Asteroid lightcurves from the Palomar Transient Factory survey: Rotation periods and phase functions from sparse photometry

TL;DR

This study analyzes over 54,000 asteroid lightcurves from the Palomar Transient Factory to determine rotation periods and phase functions, revealing insights into asteroid densities, compositions, and rotational behaviors.

Contribution

It introduces an automated method to reliably determine asteroid rotation periods from sparse photometry and explores correlations with physical properties.

Findings

Approximately 9,033 lightcurves have reliable periods.

Most asteroids are less dense than 2 g/cm³, with C types between 1-2 g/cm³.

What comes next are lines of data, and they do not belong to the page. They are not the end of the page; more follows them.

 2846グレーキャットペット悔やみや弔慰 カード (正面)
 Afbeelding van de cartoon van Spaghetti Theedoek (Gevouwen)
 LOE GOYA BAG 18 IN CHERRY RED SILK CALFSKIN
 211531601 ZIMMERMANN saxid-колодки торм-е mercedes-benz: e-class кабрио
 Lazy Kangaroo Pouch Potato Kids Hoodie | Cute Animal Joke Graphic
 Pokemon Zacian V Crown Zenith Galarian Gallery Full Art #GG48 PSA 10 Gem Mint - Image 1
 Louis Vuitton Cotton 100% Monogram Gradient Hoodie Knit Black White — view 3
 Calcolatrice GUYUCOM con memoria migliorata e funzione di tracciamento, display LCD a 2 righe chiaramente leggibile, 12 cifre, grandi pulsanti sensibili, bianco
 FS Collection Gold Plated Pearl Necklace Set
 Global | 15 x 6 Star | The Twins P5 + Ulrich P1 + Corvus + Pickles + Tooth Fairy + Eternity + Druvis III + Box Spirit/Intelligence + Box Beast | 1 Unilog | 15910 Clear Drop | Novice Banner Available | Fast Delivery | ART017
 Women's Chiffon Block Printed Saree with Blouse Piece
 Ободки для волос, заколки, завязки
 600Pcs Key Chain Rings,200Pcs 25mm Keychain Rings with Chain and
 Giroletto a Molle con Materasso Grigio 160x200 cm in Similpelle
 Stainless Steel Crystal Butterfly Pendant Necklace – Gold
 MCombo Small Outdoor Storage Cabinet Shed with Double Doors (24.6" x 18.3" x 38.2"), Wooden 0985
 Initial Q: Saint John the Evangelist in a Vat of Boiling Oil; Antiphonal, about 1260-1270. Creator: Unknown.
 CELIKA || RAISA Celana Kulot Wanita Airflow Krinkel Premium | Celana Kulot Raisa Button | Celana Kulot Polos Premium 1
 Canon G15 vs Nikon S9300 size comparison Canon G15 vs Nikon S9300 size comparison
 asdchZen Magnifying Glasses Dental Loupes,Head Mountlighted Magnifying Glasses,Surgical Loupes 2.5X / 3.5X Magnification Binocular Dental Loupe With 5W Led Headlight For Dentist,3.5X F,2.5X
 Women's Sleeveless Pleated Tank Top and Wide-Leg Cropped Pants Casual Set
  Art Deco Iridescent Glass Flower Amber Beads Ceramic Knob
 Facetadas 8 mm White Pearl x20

S types rotate faster and have lower amplitudes than C types.

Abstract

We fit 54,296 sparsely-sampled asteroid lightcurves in the Palomar Transient Factory to a combined rotation plus phase-function model. Each lightcurve consists of 20+ observations acquired in a single opposition. Using 805 asteroids in our sample that have reference periods in the literature, we find the reliability of our fitted periods is a complicated function of the period, amplitude, apparent magnitude and other attributes. Using the 805-asteroid ground-truth sample, we train an automated classifier to estimate (along with manual inspection) the validity of the remaining 53,000 fitted periods. By this method we find 9,033 of our lightcurves (of 8,300 unique asteroids) have reliable periods. Subsequent consideration of asteroids with multiple lightcurve fits indicate 4% contamination in these reliable periods. For 3,902 lightcurves with sufficient phase-angle coverage and either a reliably-fit period or low amplitude, we examine the distribution of several phase-function parameters, none of which are bimodal though all correlate with the bond albedo and with visible-band colors. Comparing the theoretical maximal spin rate of a fluid body with our amplitude versus spin-rate distribution suggests that, if held together only by self-gravity, most asteroids are in general less dense than 2 g/cm$^3$, while C types have a lower limit of between 1 and 2 g/cm$^3$, in agreement with previous density estimates. For 5-20km diameters, S types rotate faster and have lower amplitudes than C types. If both populations share the same angular momentum, this may indicate the two types' differing ability to deform under rotational stress. Lastly, we compare our absolute magnitudes and apparent-magnitude residuals to those of the Minor Planet Center's nominal $G=0.15$, rotation-neglecting model; our phase-function plus Fourier-series fitting reduces asteroid photometric RMS scatter by a factor of 3.